9月26日、パナソニックは個人向けスマートフォン事業から撤退することを発表しました。フィーチャーフォンや企業向けのスマフォ事業は継続する意向ですが、個人向けスマフォは6月に発売されたドコモの「ELUGA P」が同社最後のモデルとなります。パナソニックは2期連続で連結最終損益が7000億円を超える赤字を出しており、今回の決断からは、黒字化を目指して採算重視路線への舵取りに取り組んでいる様子が伺えます。
経営の神様と呼ばれた松下幸之助の存在もあり、パナソニックの企業本は同規模の会社と比べてもその数は段違いです。業績が好調だった2008年頃までは、経営のお手本とすべき強い日本企業として取り上げられることの多かった同社ですが、赤字化する前後から、経営危機やその再編にクローズアップした書籍や記事が増えてきます。
そのひとつ、『パナソニック・ショック』は、20年以上に渡りパナソニックの取材を続けているノンフィクション作家の立石泰則氏によるものです。

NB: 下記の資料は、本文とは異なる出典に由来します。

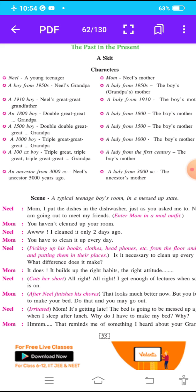An 1800 boy — Neil's double-great-great-grandfather. A lady from the 1500s, the boy's mother. A 1500 boy, also a double-great-great-grandfather. A lady from the 1500s, the boy's mother. A 1000 CE boy — a triple great-great-great-grandfather — and a lady from 1000 CE, the boy's mother.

立石氏は1988年の『復讐する神話―松下幸之助の昭和史』で、パナソニックの底力と柔軟性について論じているだけに、赤字経営に陥ってしまった同社に対する複雑な思いは人一倍のはずです。
業績好調な頃と現在のパナソニック、書籍から2つの時代を比べて経営判断について考察してみると、仕事に活かせる新たな気付きが見つかるかもしれません。